Bank of Japan market intervention against yen weakness

Low interest rates, low demand and low inflation: Japan is not thinking of raising interest rates and is sticking to its own monetary policy.

The Bank of Japan has not yet hiked interest rates.

Shuji Kajiyama/AP

Japan’s government braces itself against the rapid fall of the Japanese yen with an intervention in the foreign exchange market. The yen, which had been weak for months, came under further pressure on Thursday after the US central bank’s interest rate hike again and fell to one of the weakest values ​​in the past 30 years.

Unlike other central banks, the Bank of Japan has not yet increased interest rates. Thus, the interest rate differential between Japan and the USA increasingly determines the exchange rate.

The yen is weakening

dollars to yen

Trend is not fundamentally broken

Shortly after the yen plummeted again, Japan’s finance ministry on Thursday intervened and bought its own currency in the foreign exchange market. The central bank sees this as a strong signal to the market that one-sided and rapid movements are not welcome. However, by no means all those involved are under the illusion that this intervention will permanently break the depreciation of the yen.

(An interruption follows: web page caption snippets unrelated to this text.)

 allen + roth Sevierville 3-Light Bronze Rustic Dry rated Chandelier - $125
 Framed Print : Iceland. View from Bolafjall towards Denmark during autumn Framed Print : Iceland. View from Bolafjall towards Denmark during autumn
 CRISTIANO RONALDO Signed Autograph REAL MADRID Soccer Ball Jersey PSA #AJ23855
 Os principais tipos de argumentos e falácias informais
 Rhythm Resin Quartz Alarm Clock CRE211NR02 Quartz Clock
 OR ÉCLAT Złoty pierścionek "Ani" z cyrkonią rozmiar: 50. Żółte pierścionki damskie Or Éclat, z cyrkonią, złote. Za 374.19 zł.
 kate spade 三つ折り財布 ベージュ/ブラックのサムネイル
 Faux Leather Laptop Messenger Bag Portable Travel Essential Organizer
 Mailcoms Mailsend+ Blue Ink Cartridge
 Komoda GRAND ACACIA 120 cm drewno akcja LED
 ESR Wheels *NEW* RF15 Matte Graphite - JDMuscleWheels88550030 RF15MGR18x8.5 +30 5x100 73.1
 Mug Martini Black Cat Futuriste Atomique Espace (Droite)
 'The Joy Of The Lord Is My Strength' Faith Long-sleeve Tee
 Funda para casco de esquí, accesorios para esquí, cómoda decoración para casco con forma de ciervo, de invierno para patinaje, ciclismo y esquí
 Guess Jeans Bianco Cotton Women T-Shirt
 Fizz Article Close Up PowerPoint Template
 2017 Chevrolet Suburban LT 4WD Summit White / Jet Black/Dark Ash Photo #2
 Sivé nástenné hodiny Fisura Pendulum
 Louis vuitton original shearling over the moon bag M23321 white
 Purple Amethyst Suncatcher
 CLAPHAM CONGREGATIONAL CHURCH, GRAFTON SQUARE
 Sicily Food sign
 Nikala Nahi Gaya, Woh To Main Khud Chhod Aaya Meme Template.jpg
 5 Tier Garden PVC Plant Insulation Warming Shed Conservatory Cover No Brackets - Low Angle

One reason is that, unlike the last currency intervention in 2011, the Treasury Department is now alone on the international stage. At that time, Japanese and foreign companies had transferred large sums of money from abroad to Japan in order to be able to pay for repairs to the damage caused by the Fukushima disaster. This had massively boosted demand for the yen and caused the currency to shoot up.

This time, however, the situation is different. Yen weakness is the downside of dollar strength, and since the US government has an interest in a strong dollar, unilateral Japanese intervention has limited clout.

Central bank rules out monetary tightening

The Japanese currency has long been burdened by the monetary policy of the Japanese central bank, which remained true to its monetary policy special path on Thursday. While other central banks are raising interest rates, the Bank of Japan is keeping its low interest rate policy unchanged. The interest rate for short-term government bonds is still at minus 0.1 percent and for ten-year bonds at a maximum of 0.25 percent.

The Bank’s Monetary Policy Committee said it would not hesitate to further ease monetary policy should the need arise. Japan does not have to leave the world of negative interest rates just because other countries have done so, said central bank governor Haruhiko Kuroda. “In these countries, inflation rates have risen to 8 to 10 percent. The situation is completely different from ours.”

Even after the end of Governor Kuroda’s term of office in April 2023, no turnaround is expected; inflation and the economic recovery are too weak in a global comparison. While prices in the US, driven by high demand, recently rose by 8.3 percent, the figure in Japan was just 2.8 percent in August.

That is higher than the inflation target of two percent. But without the sharp rise in energy and food prices, it was only 1.6 percent. In addition, many economists predict that the inflation rate could fall again in the coming year.